Sometimes ambiguity adds suspense and atmosphere to a production. Sometimes it is just confusing. At the beginning of Edna O'Brien's Haunted, part of the Brits Off Broadway festival at 59e59, two women are barely visible behind a translucent wall. As an old man implores, "Stay, stay," the lighting changes and the women vanish. Add this opening to the title Haunted, and it is reasonable to expect a ghost story. However, the production never clarifies whether we are seeing ghosts, flashbacks, or a dramatization of the old man's probably unreliable memories. Rather than adding to the play's impact, this ambiguity diffuses it, pulling focus from the story at hand, which is somewhat interesting: the old man starts a platonic relationship with a young woman, allowing her to believe that his wife is dead. His wife, already unhappy with his sexual coldness and his past adultery, becomes suspicious and eventually incensed.
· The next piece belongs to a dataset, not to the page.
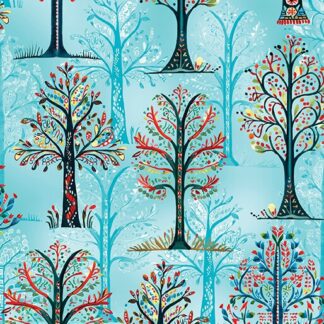 BENARTEX -FARM FEATHERED FOLK FOLKLORE FOREST SKY BLUE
But the relationships aren't quite convincing. For example, although the young woman is lonely, and the old man flatters her, it is still difficult to believe she would befriend him, as his urbanity and almost charm provide only a fragile veneer over his pathetic lechery. As played by Brenda Blethyn and Niall Buggy, the husband and wife come across as more compelling than the writing might warrant, though Beth Cooke fares less well as the young woman. The play's main strength is its use of language, which is often beautiful and frequently quotes great writers, particularly Shakespeare.